The current study has four unique differences compared with previous studies. First, most previous studies used DL to screen for specific retinal diseases, such as DR, AMD, and glaucoma, based on fundus images.1214 However, there are some overlaps in lesion characteristics of fundus images among many retinopathies. For example, RH may appear in DR, AMD, retinal vein occlusions, and retinal vasculitis. Normally, neither retina specialists using only a fundus image without other clinical information and examinations nor the DL system developed based on the reference standard established by the retina specialists can make an accurate diagnosis. Detailed inquiry and careful comprehensive examinations by the retina specialist are crucial for making a medical decision. As a screening tool, our system only includes one DL model and is mainly used to detect multiple RH-related diseases, which is more practical and economical in real-world settings. Second, although DL systems developed based on traditional fundus images showed reliable performance for the detection of retinopathies, missed diagnoses were inevitable due to the limited visible scope of these fundus images.16,26 Our study developed a robust DL model for detecting RH based on UWF images, the visible scope of which was five times larger than that of traditional fundus images. Thus, our system minimizes missed diagnoses of RH. Third, most previous studies have built DL systems based on fundus images to predict retinal diseases.1214 However, our DL system could help to detect not only retinal disease but also systemic diseases, as RH can also be an initial sign of systemic diseases such as congestive heart failure, hypertension, diabetes, and leukemia.1,9,10,27 Fourth, to the best of our knowledge, this study was the first to use DL to detect RH based on a large number of UWF images and validated its performance with three independent data sets. 
Although various DL systems have reliable performance in automated prediction of diseases, the interpretation of the output generated by these systems is unclear.12,14 In this study, the salient regions that the DL model used to detect RH were located through heatmaps to illuminate the rationale of this screening method. Encouragingly, based on the DL algorithm, the heatmaps highlighted the region of RH in all true-positive images, which could help clinicians understand how the final RH prediction was made. This interpretability may increase the public’s understanding and acceptance of the proposed DL system and promote its application in real-world settings. 

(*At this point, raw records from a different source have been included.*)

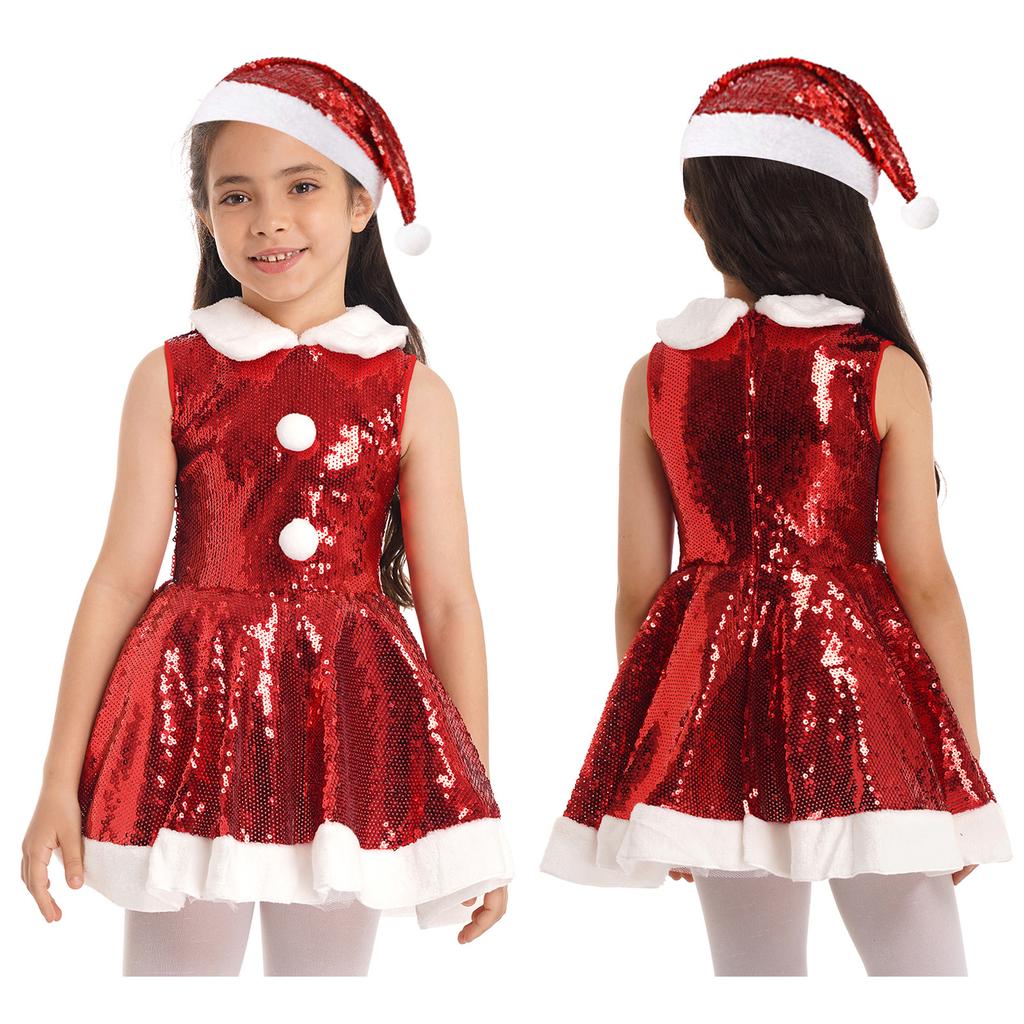 Kids Girls Christmas Party Dance Performance Costume Sleeveless Sequins Dress with Hat Set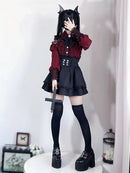 Women‘s Lolita Set Dark Femme Mesh Top & Waist Cinching Skirt, 2025 Autumn Japanese Street Style Coord for Gothic Baddie Fashion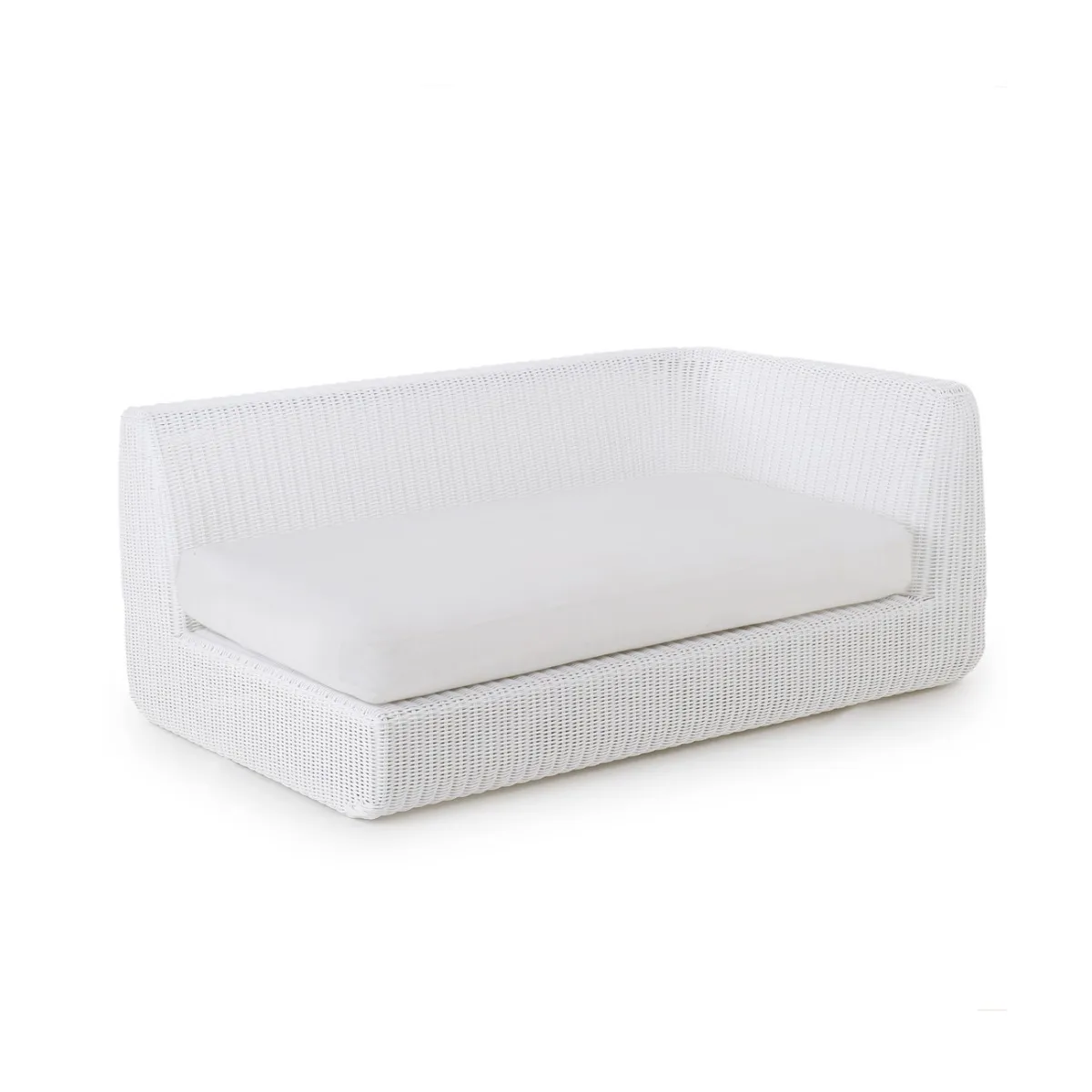 Module d'extrémité gauche avec coussin Agorà de Waprolace de Unopiù blanc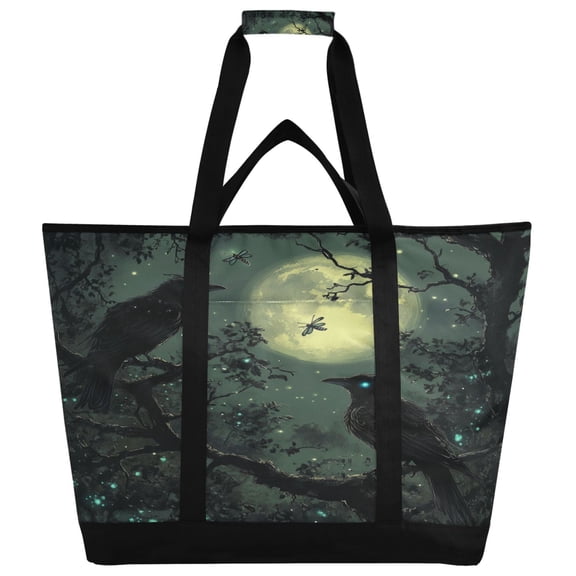 WOBOGO Midnight Dark Crow Tote Cooler Bag Fold Flat Insulated Shopping Bag With Zipper For Work Picnic Beach Use 186.724in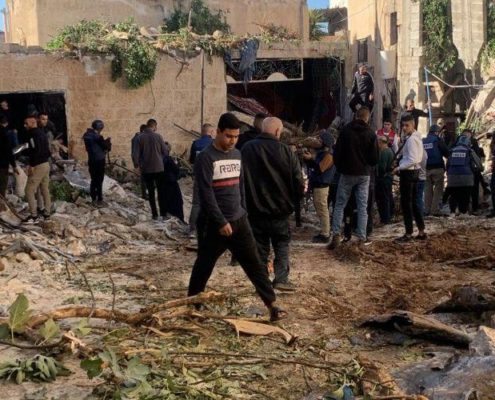 Destrucción en el campo de refugiados de Jenín. Cisjordania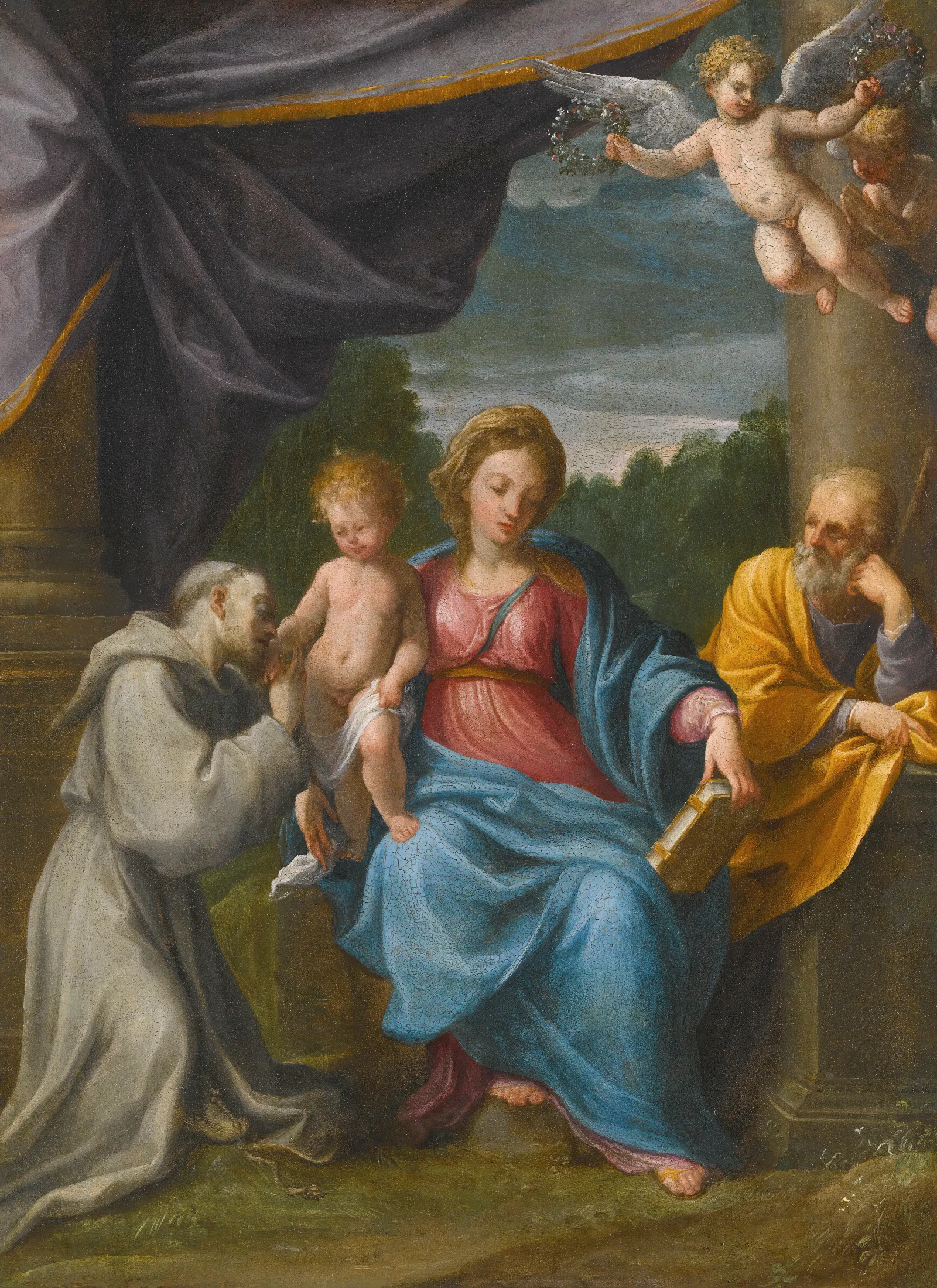 Holy Family With Saint Francis 2 Wall Art by Guido Reni - Canvas Print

In this study, the circle indicating the macular region was automatically generated in the UWF image, and our DL model successfully identified the RH within the macula area based on the heatmap. Notably, deterioration of visual acuity often occurs in a short time when RH is located near the center of the macula.11,28 Our DL model is able to advise patients regarding how urgent their disease state is and encourage patients with macular hemorrhage to visit a retina specialist immediately. These features will increase the probability of an improved visual prognosis, as early treatment of hemorrhage at the macula can reduce damage to the macula.28,29 
The DL model misclassified a few images when compared with the reference standard. When investigating the reasons for false-negative cases, all false-negative images were a result of unclear RH features caused by the obscured optical media or eyelashes. When assessing the reasons for false-positive classifications, approximately nine-tenths of false-positive cases were due to the presence of retinal pigmented spots with a color similar to that of old RH. The remaining false-positive cases were round retinal holes, the color of which resembled that of fresh RH. An ideal screening tool should minimize the number of false-negative results, and more studies are needed to explore strategies to reduce this kind of error. For false-positive cases, a quarter of the results showed round retinal holes and retinal pigmentosa that also required further investigation by ophthalmologists. Therefore, the increased workload caused by false-positive results seems to be reasonable given that such cases would benefit from further clinical examination. 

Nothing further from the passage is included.